Posted 01/26/2011
Sports, Spelling, and Genes
I walked into the spelling bee just as my daughter was at the microphone for her first word of the day. She saw me coming in, and for a moment I panicked, thinking that I would distract her and she’d miss an easy one.
Fortunately, the word was “exclusive,” and I suspect Meredith could spell the word before she could pronounce it. As a seventh grader, it was no challenge whatsoever.
That’s the way it is in our family. Kimberly and I are journalists, and we’re all avid readers. Spelling comes as naturally to us as breathing. I wasn’t surprised to learn that spelling and reading proficiency have a very strong genetic component:
According to John Stein, Professor of Neuroscience at Oxford University Medical School, both reading and spelling require a phenomenal amount of brain power. Deciphering a sentence and all forms of the written word is the most complex tasks your brain faces. The reason behind this is that the written word is a pretty recent invention.
Stein says, “It was invented only 5,000 years ago. It is piggybacked on to our linguistic ability, which was invented 30,000-40,000 years ago. The consequence is that many people fail to read or spell.”
[…]
“Around 60 percent of the variation in the ability to spell lies in our genes,” says Tony Monaco, a scientist at the Wellcome Centre Trust for Human Genetics at Oxford University. Monaco also says that genes dictate how our brains develop.
My son and older daughter have competed in the spelling bee at their middle school every year. Last year, when Harrison was in eighth grade and Meredith in sixth, they were both selected. We were delighted, but not completely surprised. True, only 50 kids make it to the bee each year, out of 1,130 students. (The entire student body takes a written test to determine the contestants.) Harrison was one of five kids to make it to the final round last year, on his third try, while Meredith went out in the second round.
I’ve been thinking a lot about genes this week, for reasons having nothing to do with my kids. As someone who writes about health and fitness for a living, I have to at least consider nature-vs.-nurture questions for just about every major project. It even arises on the minor ones.

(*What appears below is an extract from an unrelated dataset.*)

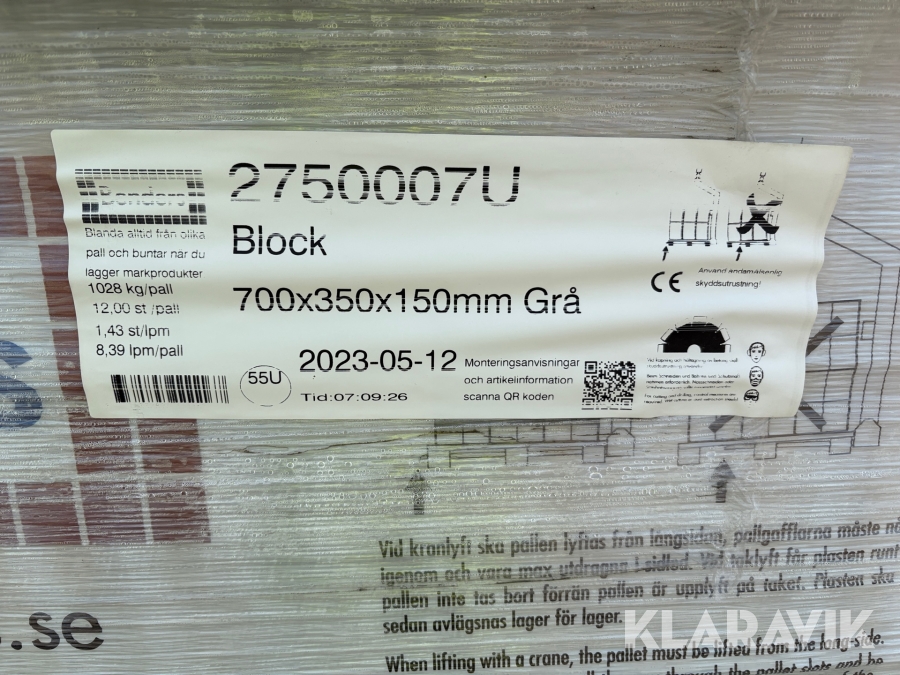 Trappblock Benders Block 10 pall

Take my post about Jack LaLanne, who passed away on Sunday at the age of 96. He’s held up as a fitness icon, and deservedly so. No one worked longer or harder to make himself the embodiment of the benefits of exercise and good nutrition. He even refused to eat cake at his own birthday party.

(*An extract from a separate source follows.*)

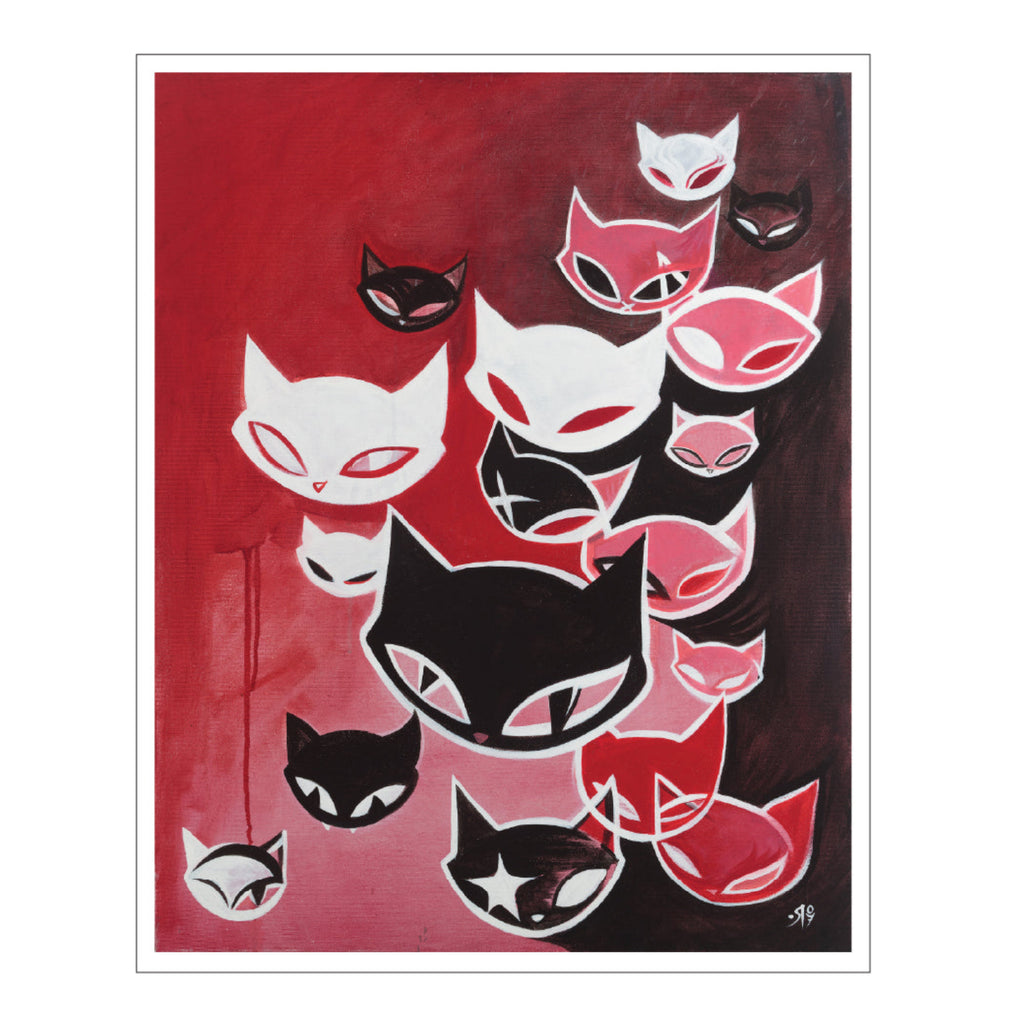 Reigning Cats Emily The Strange Art Print Framed or Unframed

But I didn’t know until after he’d died that his older brother had lived to 97. Norman LaLanne was an athlete in college — he played football and rugby at UC Berkeley — and was described in his obituary as an “avid golfer,” but he didn’t work out two hours a day or turn down a slice of his own birthday cake.
Here’s how Jack LaLanne’s son described his dad:
“The whole family gene is a very obsessive-compulsive one, and he applies that to health,” said Jon Allen LaLanne. “He practices what he preaches and you can’t dispute what he says.”

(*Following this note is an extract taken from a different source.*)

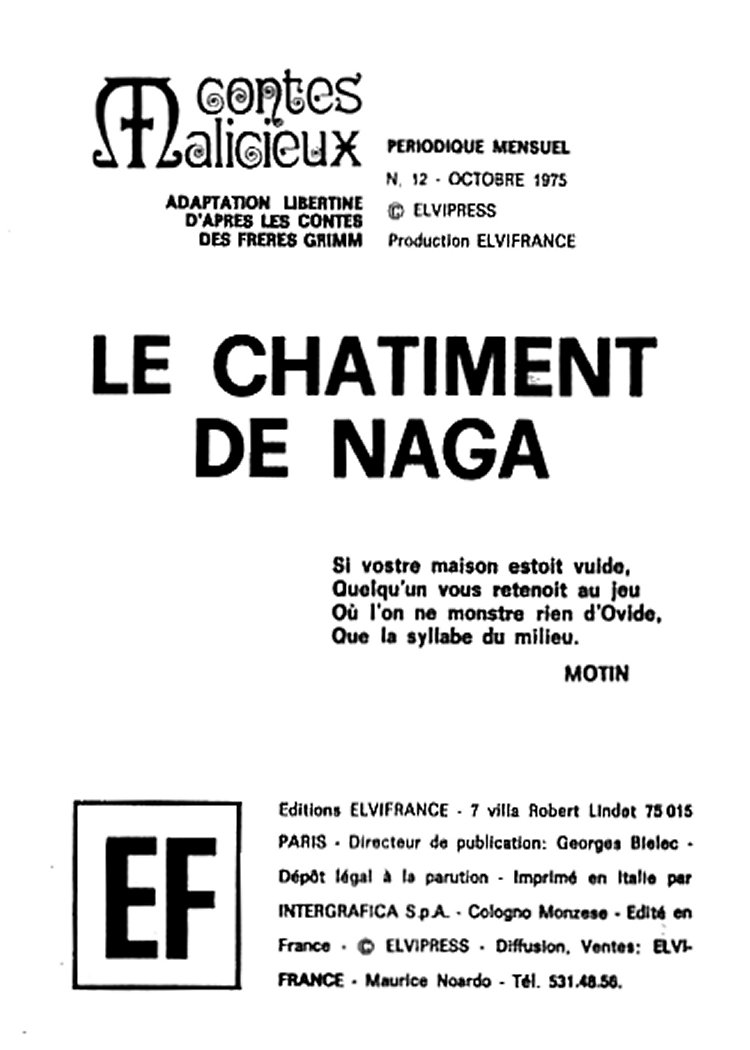 Contes Malicieux 12 - Le Châtiment de Naga page 2 full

Which brings me back to the spelling bee, and my 12-year-old ringer.
She got “caterpillar” in the second round and “advantageous” in the third. Out of 50, she was one of just eight entering the fourth round, where she caught a break. While other kids tried and failed to spell “acculturation,” “surveillance,” “autonomous,” and “hallucinogen,” she got “carbohydrates.” I wouldn’t literally have put her up for adoption if she’d missed that one, but the thought would’ve crossed my mind.
There were four kids left for round five. To my surprise, the words were easier. But the pressure must’ve been enormous. Meredith rushed herself and missed “electrocution.” One kid missed “journalism” (we would’ve known the fix as in if my daughter had gotten “journalism” and “carbohydrates” in the same contest). Another missed “burgundy.” The winner, an eighth grader, spelled “residue” correctly.
Meredith tried her hardest not to break down, and almost succeeded. You could feel her pain from the other side of the auditorium. We made all the usual parental noises about how proud we were, but nothing could console her. She knew how close she’d come. She could spell every word in the fifth round, including the one she messed up. And, at some level, she probably realized, as I did when I was her age, that this is the one type of contest in which she has a genetic advantage over the competition.
Interestingly, I don’t think I’ve ever met an athlete or extraordinarily fit individual who didn’t attribute his success to his own hard work and fortitude. I remember having a long, painful conversation with an author who was both a pro athlete and a physique icon with an extraordinarily successful modeling career. He believed his success came from working out hours a day. I explained how rare it was to be able to work that long and that hard. Most of us would break down within weeks, if not days.
So I’ll throw the question out there: Where do you think the line is that divides nature and nurture? When you look at your successes and failures, do you see a familial pattern?